Madison Trusolino is a PhD candidate in the Faculty of Information at the University of Toronto. Her SSHRC-funded dissertation is on women and LGBTQ+comedians’ experiences of work and resistance in the Toronto comedy scene. She joins the JHI in 2022-23 as one of our Chancellor Jackman Graduate Fellows.
JHI: What are your main research interests?
MT: My research looks at labour and community organizing in the precarious arts and culture industries. Specifically, I’m interested in how marginalized creatives experience both work and resistance. I approach this research through a feminist political economic lens that considers the structure of corporate and governmental institutions, while also fore fronting the agency of women, BIPOC and LGBTQ+ workers. I’m interested in the interplay of formal and alternative forms of labour organizing that can range from unions to whisper networks to Facebook groups.

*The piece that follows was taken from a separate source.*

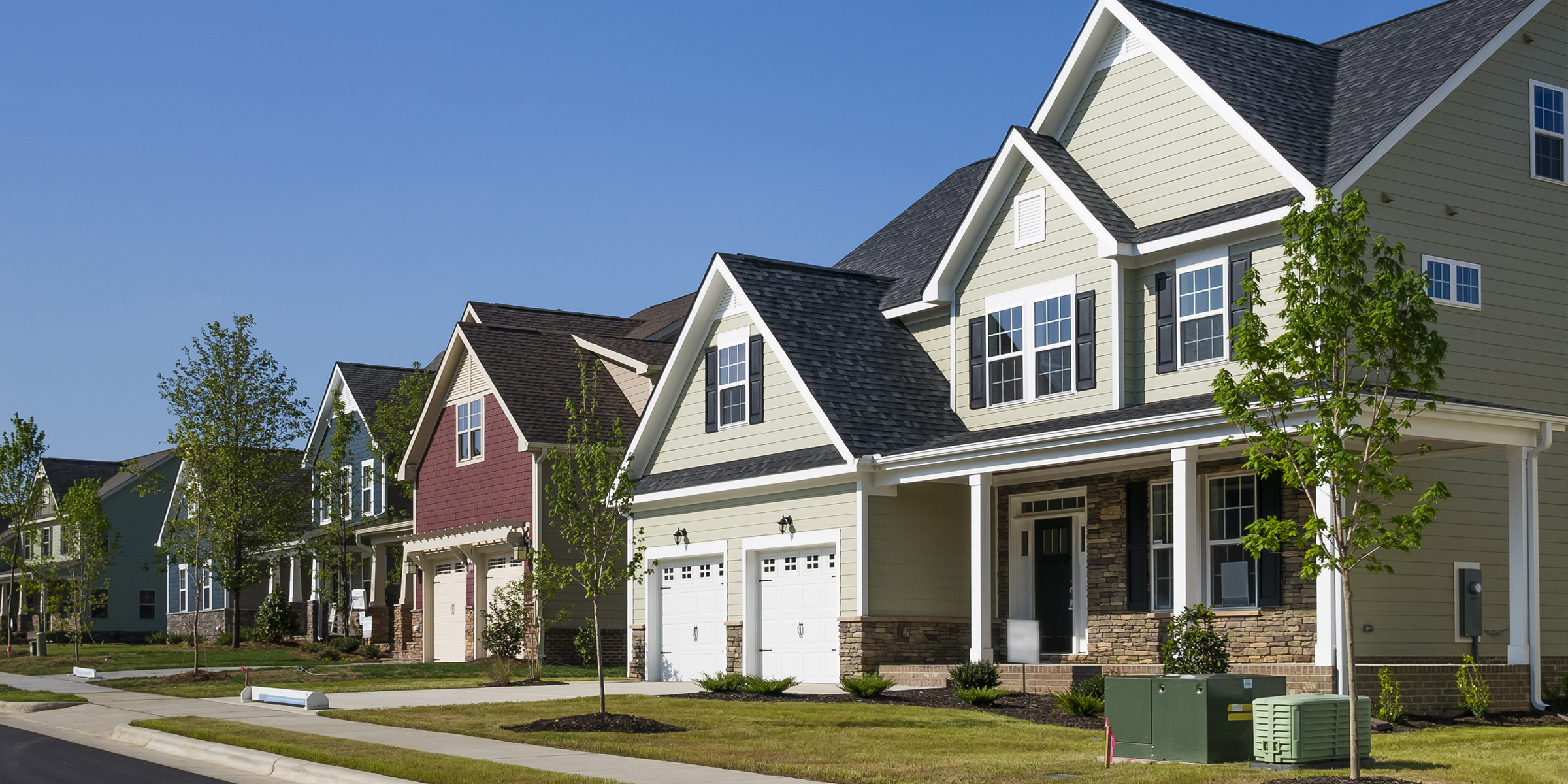 A couple of houses in a nice neighborhood | Source: Shutterstock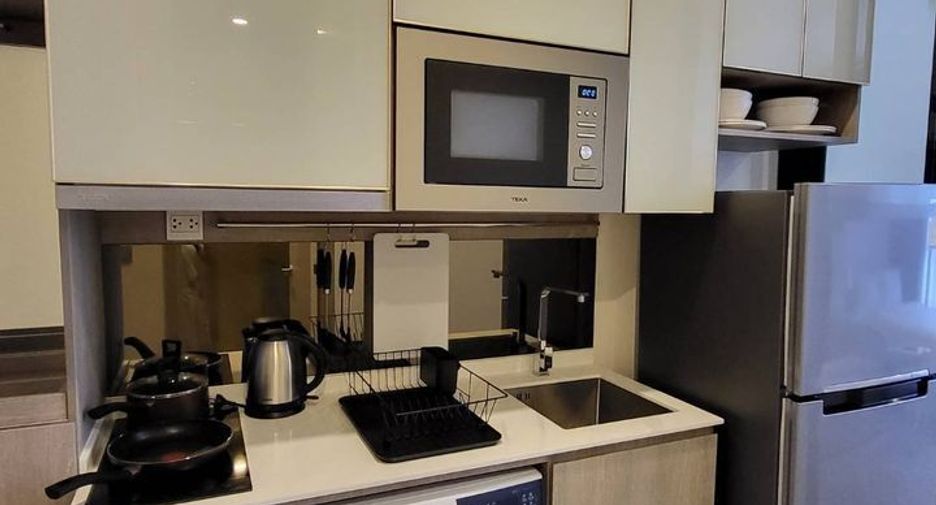 Wohnung zur Miete mit 1 Zimmer in Ratchathewi, Bangkok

JHI: What project(s) are you working on at the JHI and why did you choose it (them)?
MT: I am currently completing my doctoral dissertation, Punching Up: Women & LGBTQ+ Comedians’ Experiences of Work and Resistance in Toronto’s Comedy Scene, which examines the experiences of women and LGBTQ+ comedians in the Canadian comedy industry, which is dominated by cisgender, straight, white men. Based on qualitative interviews with 20 Toronto-based women and LGBTQ+ comedians and a study of the dynamics of comedy creation at different scales of production, I build a theoretical framework of resistance attending to workers’ formal and informal acts of resistance in comedy and the cultural industries generally. I argue that by broadening our conception of worker’s resistance from the margins, we gain a better understanding of workplace organizing under increasingly precarious conditions for marginalized cultural workers.
JHI: What are you hoping to experience as a JHI Fellow? What have you enjoyed the most so far?
MT: As a JHI fellow I have experienced a sense of community that is sometimes difficult to find in a large university. Being able to have informal discussions over coffee with scholars from all different disciplines has been incredibly illuminating. Because we are a group at different stages in our careers, from undergraduates to doctoral students to professors, there is a “pay it forward” mentality where we all work to help and mentor one another. I am also indebted to the staff at the JHI who have been exceptionally accommodating and are dedicated to making sure we have all the resources we need to succeed.
JHI: Share something you read/watched/listened to recently that you enjoyed/were inspired by
MT: I saw Laura Poitras’ documentary All the Beauty and the Bloodshed about the artist Nan Goldin and her activism during the AIDS epidemic and now the opioid crisis, at TIFF. It was inspiring to see how Goldin and other artists/activists use their creative work to fight inequities in cultural institutions and how that impact reverberates outside of them.
That being said, my biggest comfort is reading historical romance novels which I take out by the stack from the Toronto Public Library. It’s all about balance.
JHI: What is a fun fact about you?
MT: I’ve volunteered in cat rescue for over 6 years. I’m taking a break from it while I finish my dissertation, but animal rescue is one of my biggest passions. Amongst my many roles, I’ve worked as a cat caretaker, foster coordinator, post adoption support person and I even co-produced a cat-themed comedy show fundraiser.